Я тот, кто жил во времена мои,
Но не был мной. Я младший из семьи.
Людей и птиц, я пел со всеми вместе.
И не покину пиршества живых –
Прямой гербовник их семейной чести,
Прямой словарь их связей корневых.
Корневые связи – глубокая основа поэзии Тарковского. Корни его поэзии проникают в глубины вселенной, распространяются широко и далеко в пространстве и времени, и в какие бы отвлеченные сферы ни забиралась благодаря им упорная мысль поэта, его проникновение в них, его связь с ними лишены позы или искусственности. Стихи, питаемые глубокими корневыми связями, всегда ограничены, всегда убеждают.

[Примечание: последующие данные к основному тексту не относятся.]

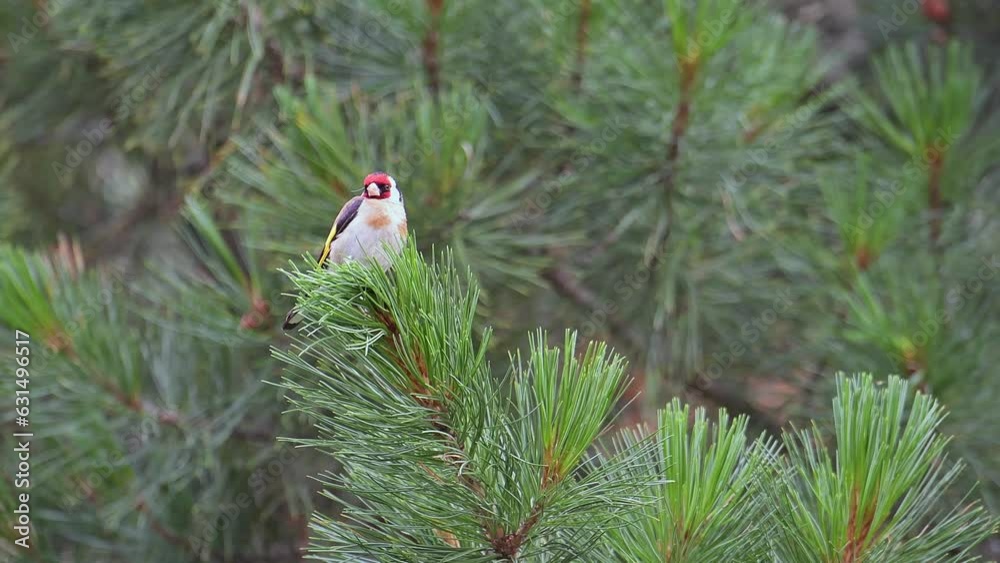 Poster 4k resolution for the beautiful Goldfinch (Carduelis carduelis)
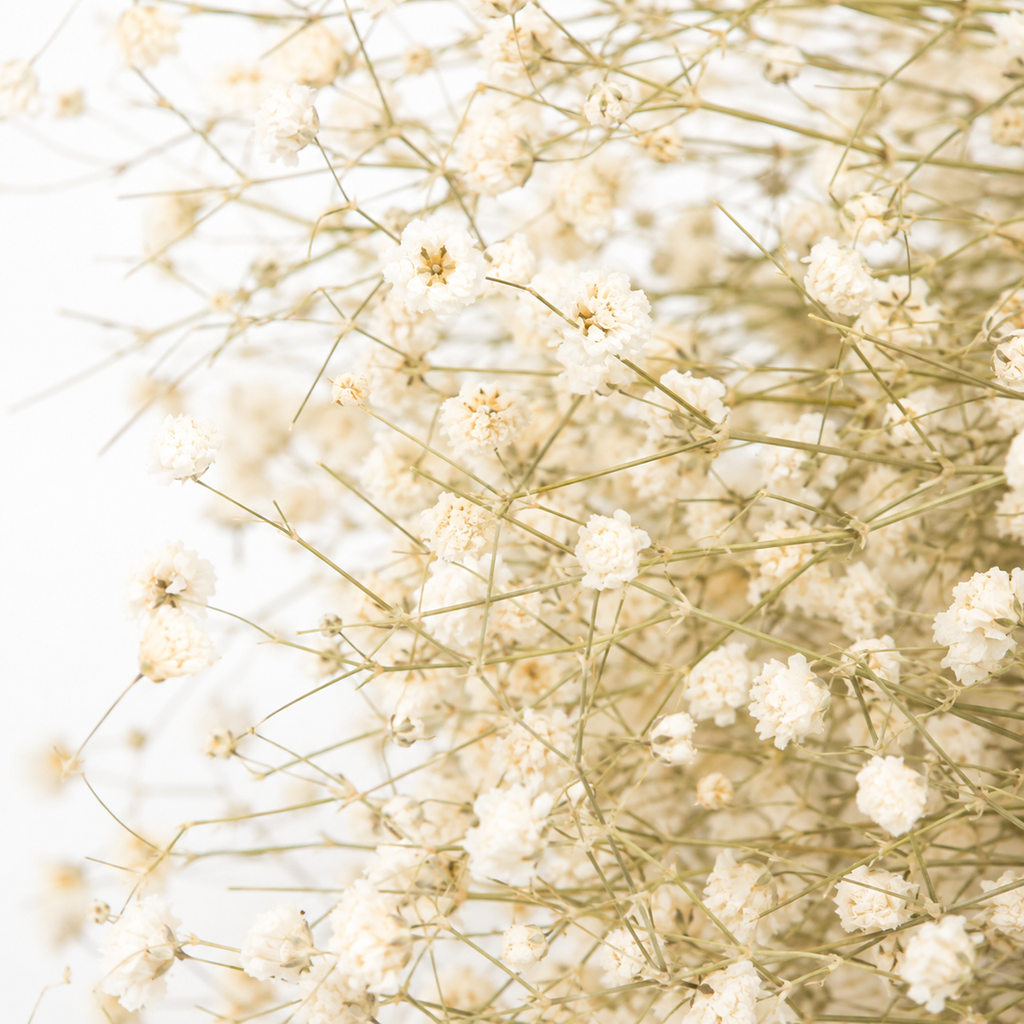 3823-Schleierkraut-getrocknet-im-Bund-50-60cm-Gypsophila-Trockenblumen-10-Farben_4.png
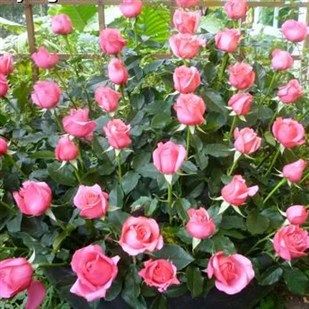 切花月季_切花月季品种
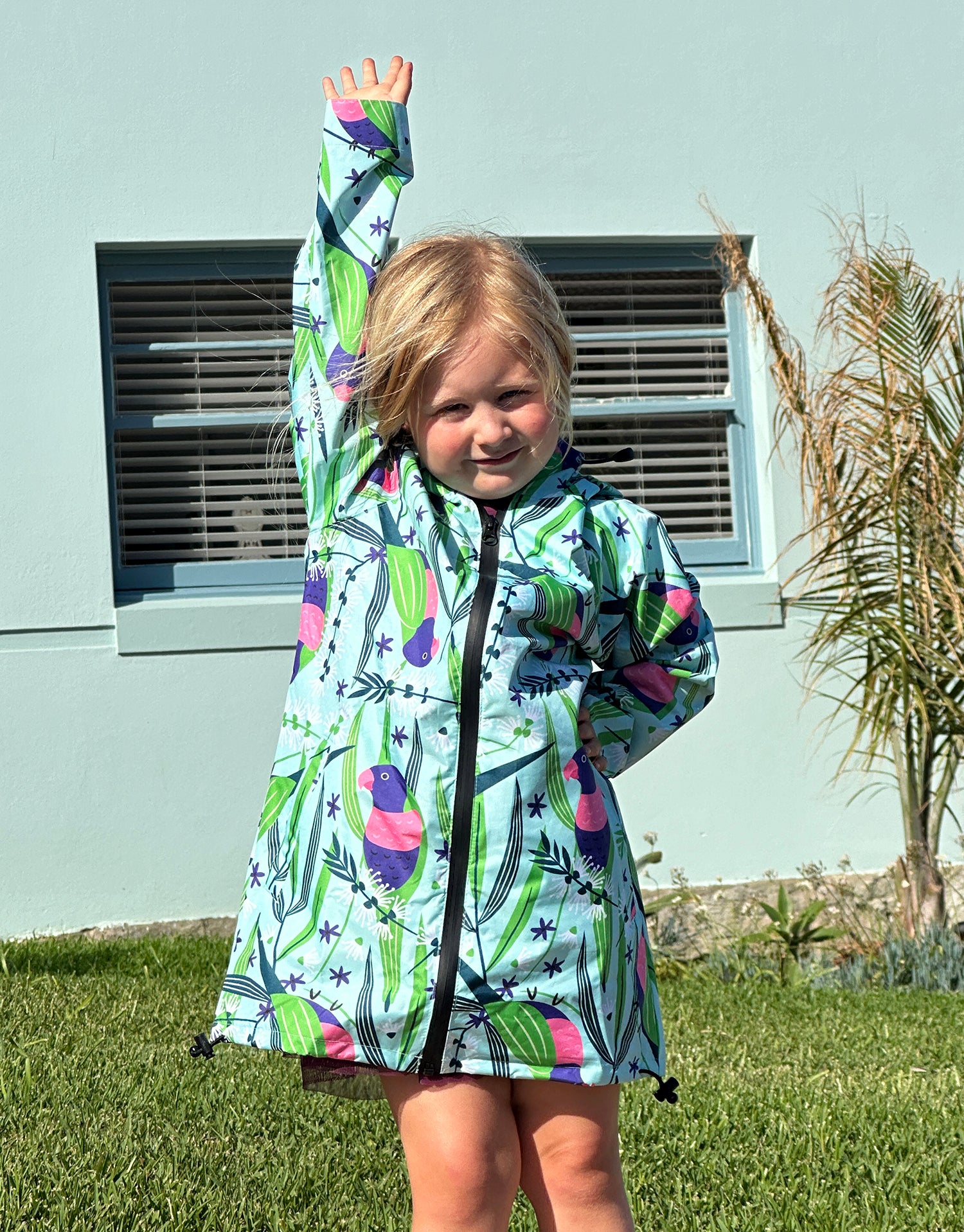 Raincoat Lorikeets in the Melaleucas Kids
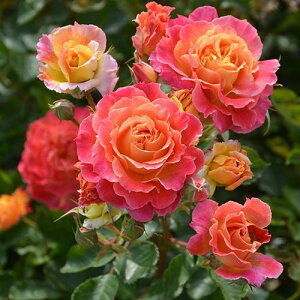 o c TIGeBX yV[ iFLj mo^in  lG炫z 2N ڂؑc KN [Y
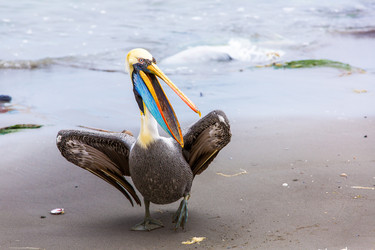 Similar image 8354821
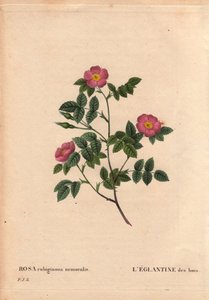 Botanische Tafel, Blume, Rosenvarietät: Die Eglantine des Waldes, aus Les Roses, Band 2 von Pierre Joseph Redoute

Говорить о стихах вообще трудно, о прекрасных стихах - трудно вдвойне. Тарковский возвращал словам их истинную цену и весомость, умение столь избирательно и бережно вкраплять в свой словарь новое слово или новое понятие, что они озаряют новым светом и все стихотворение. Вот например:
Когда купальщица с тяжелою косой
Выходит из воды одна в полдневном зное
И прячется в тени, тогда ручей лесной,
В зеленых зеркальцах, поет совсем иное.
Над хрупкой чешуей светло-студеных вод
Сторукий бог ручьев свои рога склоняет,
И только стрекоза, как первый самолет,
О новых временах напоминает.
Если Арсений Тарковский начал первый раздел своей книги, словно бы и не задумываясь, с чего начать, то заключает он его вполне осознанно. «Сверчок» - мудрые и точные стихи о поэзии и поэте:
Если правду сказать,
Я по крови – домашний сверчок,
Заповедную песню
Пою над печною золой,
И один для меня
Приготовит крутой кипяток,
А другой для меня
Приготовит шесток золотой.
Поэт уверен в себе и в смысле своего существования:
Ты не слышишь меня,
Голос мой – как часы за стеной,
А прислушайся только –
И я поведу за собой,
Я весь дом подыму:
Просыпайтесь, я сторож ночной!
Вполне закономерно, что Тарковский много пишет о своем труде. Он говорит о себе и своих стихах скромно, просто, никогда не вознося свое поэтическое предназначение на недосягаемые высоты:
Был язык мой правдив, как спектральный анализ,
А слова у меня под ногами валялись.
И в другом случае:
Скупой, охряной, неприкаянной
Я долго был землей, а вы
Упали мне на грудь нечаянно
Из клювов птиц, из глаз травы.
Только истинный поэт может так просто и буднично говорить о своем искусстве.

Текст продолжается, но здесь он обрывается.